WORK REQUEST
Go through the entries below and count the lines where "with" occurs. Give nothing but that number.

PROVIDED DATA START

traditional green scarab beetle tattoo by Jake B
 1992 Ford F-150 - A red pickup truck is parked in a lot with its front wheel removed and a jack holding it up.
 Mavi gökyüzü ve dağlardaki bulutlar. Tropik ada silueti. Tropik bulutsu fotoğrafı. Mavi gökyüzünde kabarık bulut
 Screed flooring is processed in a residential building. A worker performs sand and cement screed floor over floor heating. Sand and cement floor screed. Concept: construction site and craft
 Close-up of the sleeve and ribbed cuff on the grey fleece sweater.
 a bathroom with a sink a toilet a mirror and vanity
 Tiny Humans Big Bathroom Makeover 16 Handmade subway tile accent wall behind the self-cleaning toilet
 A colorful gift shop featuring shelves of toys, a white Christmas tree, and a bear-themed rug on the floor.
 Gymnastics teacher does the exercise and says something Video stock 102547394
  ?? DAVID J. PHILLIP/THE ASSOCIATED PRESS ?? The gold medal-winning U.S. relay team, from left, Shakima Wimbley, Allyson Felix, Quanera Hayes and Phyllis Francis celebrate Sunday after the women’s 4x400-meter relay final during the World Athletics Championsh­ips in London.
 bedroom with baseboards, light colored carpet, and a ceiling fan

PROVIDED DATA END

RESPONSE TO THE EXERCISE
3